Across the different spaces we navigated, those we shaped and those within the broader space, we responded to a singular question: How is AWDF responding in this moment? Our answer rests on three commitments.
Defending the hard-won gains of feminist movements, pushing back against the current backsliding, and sustaining the very architecture the movement needs to build from.
Disrupting the very ecosystems and narratives that work against women, girls, and LBTQI+ persons and refusing to operate in frameworks that we never designed to allow us to thrive.
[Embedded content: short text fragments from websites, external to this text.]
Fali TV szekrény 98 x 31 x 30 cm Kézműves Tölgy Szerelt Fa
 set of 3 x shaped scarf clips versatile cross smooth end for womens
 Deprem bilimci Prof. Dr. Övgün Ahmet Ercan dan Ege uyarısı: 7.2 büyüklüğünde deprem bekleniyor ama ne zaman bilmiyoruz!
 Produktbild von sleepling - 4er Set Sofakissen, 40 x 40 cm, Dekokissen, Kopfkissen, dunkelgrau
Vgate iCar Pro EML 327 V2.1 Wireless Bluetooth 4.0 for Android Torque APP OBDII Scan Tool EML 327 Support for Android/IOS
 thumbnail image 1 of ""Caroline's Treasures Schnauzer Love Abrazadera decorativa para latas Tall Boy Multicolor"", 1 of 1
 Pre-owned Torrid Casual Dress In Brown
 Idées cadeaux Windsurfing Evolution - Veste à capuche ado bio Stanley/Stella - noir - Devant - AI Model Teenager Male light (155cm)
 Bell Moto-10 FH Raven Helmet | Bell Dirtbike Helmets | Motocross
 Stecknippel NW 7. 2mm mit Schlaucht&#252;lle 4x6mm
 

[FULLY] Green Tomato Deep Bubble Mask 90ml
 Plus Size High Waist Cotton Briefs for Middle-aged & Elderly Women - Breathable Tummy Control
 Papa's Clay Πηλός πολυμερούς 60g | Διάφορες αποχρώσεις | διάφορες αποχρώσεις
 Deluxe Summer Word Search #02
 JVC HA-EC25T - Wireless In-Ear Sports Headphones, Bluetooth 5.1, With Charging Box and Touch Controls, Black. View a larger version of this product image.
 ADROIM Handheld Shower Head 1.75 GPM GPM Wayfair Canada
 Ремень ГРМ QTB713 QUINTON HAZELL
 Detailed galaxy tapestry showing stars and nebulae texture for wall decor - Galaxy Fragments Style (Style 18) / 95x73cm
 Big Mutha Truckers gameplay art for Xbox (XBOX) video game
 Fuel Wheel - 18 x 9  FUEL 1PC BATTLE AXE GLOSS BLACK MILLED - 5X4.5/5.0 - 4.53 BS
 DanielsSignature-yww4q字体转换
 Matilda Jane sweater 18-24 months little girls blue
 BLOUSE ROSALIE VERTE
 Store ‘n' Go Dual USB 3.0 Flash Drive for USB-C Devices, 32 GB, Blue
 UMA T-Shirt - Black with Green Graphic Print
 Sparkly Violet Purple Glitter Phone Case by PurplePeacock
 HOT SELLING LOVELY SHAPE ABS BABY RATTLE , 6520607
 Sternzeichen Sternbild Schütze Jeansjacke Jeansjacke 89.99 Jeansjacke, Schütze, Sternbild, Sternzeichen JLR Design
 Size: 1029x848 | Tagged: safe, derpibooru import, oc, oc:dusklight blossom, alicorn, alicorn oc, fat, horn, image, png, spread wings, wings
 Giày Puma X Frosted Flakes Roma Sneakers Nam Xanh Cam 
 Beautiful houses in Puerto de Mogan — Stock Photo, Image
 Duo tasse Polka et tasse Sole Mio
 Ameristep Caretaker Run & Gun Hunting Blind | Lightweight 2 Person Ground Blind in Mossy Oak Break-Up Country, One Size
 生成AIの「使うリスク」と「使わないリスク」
Defining and articulating the feminist futures that we desire and refusing to wait for permission to experiment, build, and make them a reality.
What this Moment Demands
Strengthening feminist ecosystems is critical. The attacks we face are not isolated; they are interconnected, coordinated assaults on our rights, resources, and our legitimacy to organise. Responding to them requires us to be deliberate in our collaboration across movements and regions. But collaboration cannot only mean gathering the usual voices, the ones we already agree with, those most likely to affirm our convictions. Transformation requires friction. It demands that we open our spaces widely and engage with the unlikely, with those who do not see what we see. At times, our collective spaces grow too familiar, too comfortable. Disruption requires bringing those whose presence could shift the terrain entirely. This is how we make the case beyond the choir, how we expand and thrive. The question is not whether we can afford discomfort in our expansion, but whether we can afford not to.
Centre the Most Impacted
Even as we expand, we must not lose our centre. Across numerous spaces, including the one convened by AWDF, one priority was repeatedly emphasised: the voices of the most impacted must come first. That means being intentional about ensuring that those most affected by crises, climate change, and inaccessible systems are never an afterthought. Their voices must shape the transformation we seek. On funding, what emerged was equally clear. Communities must be resourced with trust, as experts of their own contexts and needs. That calls on us, as funders and movements, to build funding models that actually fit the communities we serve. It also calls for courage: moving beyond the normative frameworks of what is considered fundable. Transformation does not happen within the boundaries of what is familiar. If we truly want change, we must fund the unconventional and back approaches that do not yet have a track record or measurable outcomes, because the systems they challenge were never designed to let them succeed.
A Call for Change
As I reflect on the few days we gathered for the Women Deliver Conference, I carry this with me: funders must continue learning alongside women’s rights and feminist movements and build models that truly serve them. Feminist movements exist within spaces shaped by compounding crises. They must build flexibility into their models to account for the shifts that organisations and collectives on the frontlines face. Rigid frameworks cannot hold the weight of movements navigating conflict, shrinking civic space, political instability and chronic underfunding. To resource feminist movements meaningfully means moving with them, adapting alongside them, and trusting them, because, in the end, they are the experts of their contexts and realities, even as those realities change. This is the work ahead. This is what solidarity demands. This is what change calls from us.